Mais juros = mais déficit = mais dívida

Fernando Haddad, ministro da Fazenda, concede entrevista à imprensa sobre medidas econômicas – Foto: Washington Costa / MF

O arcabouço fiscal do ministro da Fazenda, Fernando Haddad, em tramitação no Legislativo, em nada altera esta realidade fiscal. A promessa de um equilíbrio fiscal viria com corte de R$ 150 bilhões de benefícios fiscais concedidos pelo governo a setores empresariais e grupos econômicos organizados e com redução de gastos sobre parte dos ganhos de arrecadação, obtidos com crescimento da economia. Com razão, Fernando Haddad alerta que, se a economia não crescer e a manutenção das atuais taxas de juros, o déficit fiscal da União vai aumentar, assim como a dívida do Tesouro Nacional.
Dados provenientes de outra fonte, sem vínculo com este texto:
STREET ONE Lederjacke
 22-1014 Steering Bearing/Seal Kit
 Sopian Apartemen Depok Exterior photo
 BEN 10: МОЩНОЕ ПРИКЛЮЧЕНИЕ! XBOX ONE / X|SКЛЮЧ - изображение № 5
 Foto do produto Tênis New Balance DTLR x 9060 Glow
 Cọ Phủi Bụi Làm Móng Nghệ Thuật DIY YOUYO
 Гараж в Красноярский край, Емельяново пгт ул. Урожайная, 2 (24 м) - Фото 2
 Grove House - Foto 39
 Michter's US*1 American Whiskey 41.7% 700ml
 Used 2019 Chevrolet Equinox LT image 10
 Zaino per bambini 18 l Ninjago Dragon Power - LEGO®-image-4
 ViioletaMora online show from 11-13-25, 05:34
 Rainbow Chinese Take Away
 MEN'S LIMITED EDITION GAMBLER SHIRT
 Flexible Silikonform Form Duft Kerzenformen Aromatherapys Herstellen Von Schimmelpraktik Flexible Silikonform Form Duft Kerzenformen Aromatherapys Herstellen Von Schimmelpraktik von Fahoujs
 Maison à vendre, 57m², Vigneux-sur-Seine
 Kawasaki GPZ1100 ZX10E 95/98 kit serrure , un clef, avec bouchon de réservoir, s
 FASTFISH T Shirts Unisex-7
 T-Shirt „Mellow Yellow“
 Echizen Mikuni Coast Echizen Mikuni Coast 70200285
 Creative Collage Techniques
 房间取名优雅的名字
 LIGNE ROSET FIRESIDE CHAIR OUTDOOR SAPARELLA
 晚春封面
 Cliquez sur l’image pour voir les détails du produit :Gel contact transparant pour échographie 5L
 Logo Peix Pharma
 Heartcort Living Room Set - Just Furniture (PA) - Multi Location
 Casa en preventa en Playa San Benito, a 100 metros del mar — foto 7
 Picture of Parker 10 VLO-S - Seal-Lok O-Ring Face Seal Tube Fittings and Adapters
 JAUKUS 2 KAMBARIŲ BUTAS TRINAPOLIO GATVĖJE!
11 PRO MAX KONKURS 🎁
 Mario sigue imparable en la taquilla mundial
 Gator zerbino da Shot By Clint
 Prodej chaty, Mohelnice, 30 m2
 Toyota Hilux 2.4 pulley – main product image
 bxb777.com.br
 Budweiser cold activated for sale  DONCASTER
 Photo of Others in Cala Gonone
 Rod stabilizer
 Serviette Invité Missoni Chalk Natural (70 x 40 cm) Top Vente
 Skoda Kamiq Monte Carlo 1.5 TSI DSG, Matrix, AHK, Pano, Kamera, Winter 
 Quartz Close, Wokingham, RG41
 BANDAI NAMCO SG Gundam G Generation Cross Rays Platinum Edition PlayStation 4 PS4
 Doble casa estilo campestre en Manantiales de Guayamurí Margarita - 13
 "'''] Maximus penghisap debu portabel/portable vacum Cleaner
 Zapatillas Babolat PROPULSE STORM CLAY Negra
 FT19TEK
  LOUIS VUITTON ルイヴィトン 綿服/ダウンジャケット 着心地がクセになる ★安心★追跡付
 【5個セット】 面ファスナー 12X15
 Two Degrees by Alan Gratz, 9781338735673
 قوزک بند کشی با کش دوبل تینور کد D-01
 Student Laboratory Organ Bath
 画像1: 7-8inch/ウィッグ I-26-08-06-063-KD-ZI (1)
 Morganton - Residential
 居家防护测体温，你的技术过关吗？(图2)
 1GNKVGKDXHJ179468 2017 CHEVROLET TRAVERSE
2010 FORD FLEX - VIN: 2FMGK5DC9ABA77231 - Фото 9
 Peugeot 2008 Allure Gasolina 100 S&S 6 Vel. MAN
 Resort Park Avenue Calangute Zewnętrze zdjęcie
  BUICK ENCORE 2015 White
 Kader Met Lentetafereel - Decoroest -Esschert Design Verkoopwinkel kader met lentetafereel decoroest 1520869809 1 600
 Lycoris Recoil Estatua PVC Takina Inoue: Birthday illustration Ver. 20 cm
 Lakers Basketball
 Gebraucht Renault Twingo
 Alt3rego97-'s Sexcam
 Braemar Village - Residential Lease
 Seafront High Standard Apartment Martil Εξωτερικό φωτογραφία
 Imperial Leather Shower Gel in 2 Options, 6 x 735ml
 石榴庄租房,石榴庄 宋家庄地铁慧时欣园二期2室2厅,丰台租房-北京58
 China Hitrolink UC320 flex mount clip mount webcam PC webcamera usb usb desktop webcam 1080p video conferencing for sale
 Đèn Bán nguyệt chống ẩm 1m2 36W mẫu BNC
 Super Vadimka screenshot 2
As estimativas mais otimistas são de que os juros podem voltar a cair a partir de agosto deste ano, dependendo do comportamento dos preços. Os economistas do governo Lula acreditam que os juros podem cair antes, uma vez que estamos com problemas de preços devido a uma inflação de oferta e, neste caso, o potencial dos juros elevados para combater a inflação traz mais prejuízos à economia do que benefícios, devido aos impactos que causa sobre o endividamento público.